Methods of Vagus Nerve Stimulation (VNS)

Left Cervical VNS

The most common clinical use of VNS involves the surgical implantation of a commercially available programmable pulse generator device (NCP System; Cyberonics, Inc., Houston, TX, USA) [10]. The implant surgery is performed under general anesthesia, typically as an outpatient procedure. The generator is implanted subcutaneously in the left upper chest or left axillary border. The electrode lead wire is attached to the left mid-cervical vagus nerve through a second incision in the left neck area. The lead wire is passed through a subcutaneous tunnel and attached to the pulse generator. Possible surgical complications include wound infection and hoarseness (due to temporary or permanent left vocal cord paralysis), which occurs in about 1 % of patients.

A handheld computer programs the pulse generator stimulation parameters via a programming wand placed on the skin over the device.

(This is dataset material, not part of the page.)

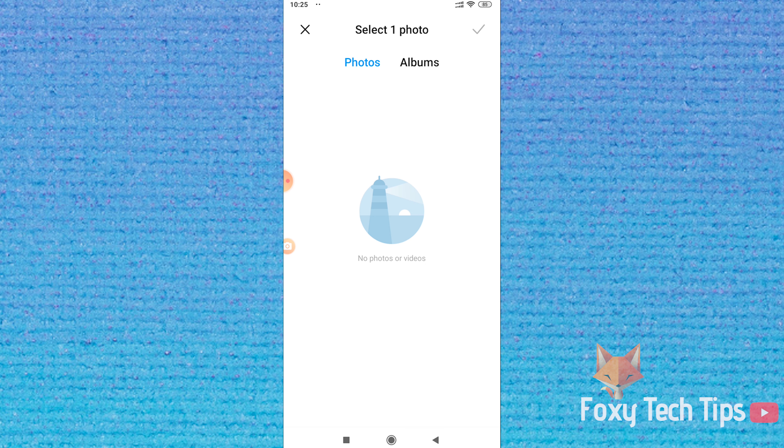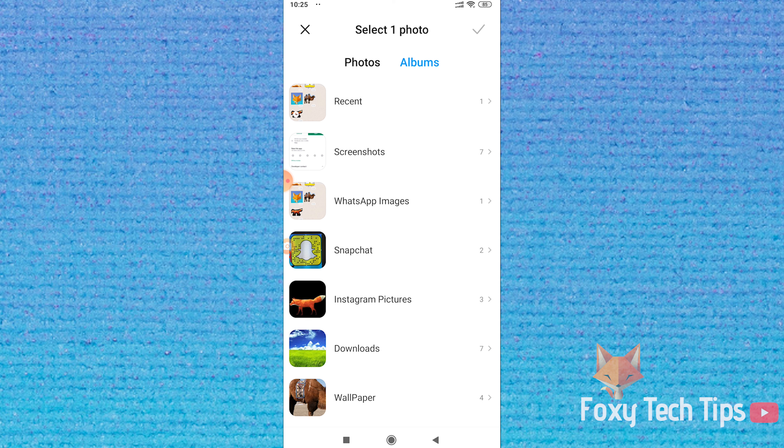You can now choose the image to use from your gallery. Once you're finished, tap accept.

The programmable parameters are the current charge [electrical stimulus intensity, measured in milliamperes (mA)], the pulse width (electrical pulse duration, measured in microseconds), the pulse frequency [measured in Hertz (Hz)], and the on/off duty cycle (the stimulus on-time and off-time, measured in seconds or minutes). Initial settings for the four parameters can each be adjusted to optimize efficacy (for seizure control or for other symptom control depending on the indication) and tolerability. The generator runs continuously, but patients can turn off VNS temporarily by holding a magnet over the device and VNS can be turned on and off by the programmer. The pulse generator battery life depends on the stimulus parameters, and it can be replaced or permanently removed in a simple surgical procedure.

The adverse effects of VNS are mostly stimulation related and therefore experienced for very short intermittent periods of time. Possible adverse effects could be related to the stimulation of any body structure enervated by the vagus nerve, but 80 % of fibers are afferent and these electrical pulses are propagated from the point of attachment toward the brain rather than the body. Stimulation from the left mid-cervical vagus nerve most commonly causes voice alteration, cough, dyspnea, dysphagia, and neck pain or paresthesias. Left cervical VNS is believed to minimize potential cardiac effects such as bradycardia or asystole (primarily mediated by the right vagus nerve). Stimulation parameters can be adjusted to make adverse effects more tolerable, but tolerance often occurs with chronic stimulation. Experience in epilepsy populations has shown that VNS is effective, safe, and well tolerated in pediatric patients. There are no identified risks when VNS has been used during pregnancy. VNS is safe and compatible to use together with psychotropic drugs and with electroconvulsive therapy (ECT). Whole body magnetic resonance imaging (MRI) scans cannot be done with VNS implants, but MRI scans of the head are possible using a transmit/receive head coil [11]. Shortwave, microwave, or therapeutic ultrasound diathermy should not be used, but diagnostic ultrasound is safe. Metal detectors, microwave ovens, cellular telephones, and other electrical or electronic devices will not affect VNS.

Right Cervical VNS

Right cervical VNS reduces seizure activity in animal models, and there is some evidence that this is true in humans [3•], but it is not known whether right cervical VNS would effectively treat depressive symptoms. A VNS device system (CardioFit System; BioControl Medical Ltd, Yehud, Israel) has been developed for the treatment of heart failure [12••]. This programmable device is implanted in the right chest wall. It is connected to the right cervical vagus using a cuff designed to preferentially activate vagal efferent fibers (intended to affect cardiac function). The stimulator senses heart rate and shuts off at a predetermined threshold of bradycardia. Preclinical studies and one phase II human study suggest that chronic right cervical VNS is safe and effective for treating heart failure [12••, 13••]. A similar VNS system (FitNeS System; BioControl Medical Ltd) has been designed with a cuff electrode that preferentially activates afferent fibers, which is intended to minimize typical VNS side effects related to efferent fiber stimulation. Left cervical VNS using this device has been described in five patients with epilepsy, who showed some benefit and no typical VNS side effects [14].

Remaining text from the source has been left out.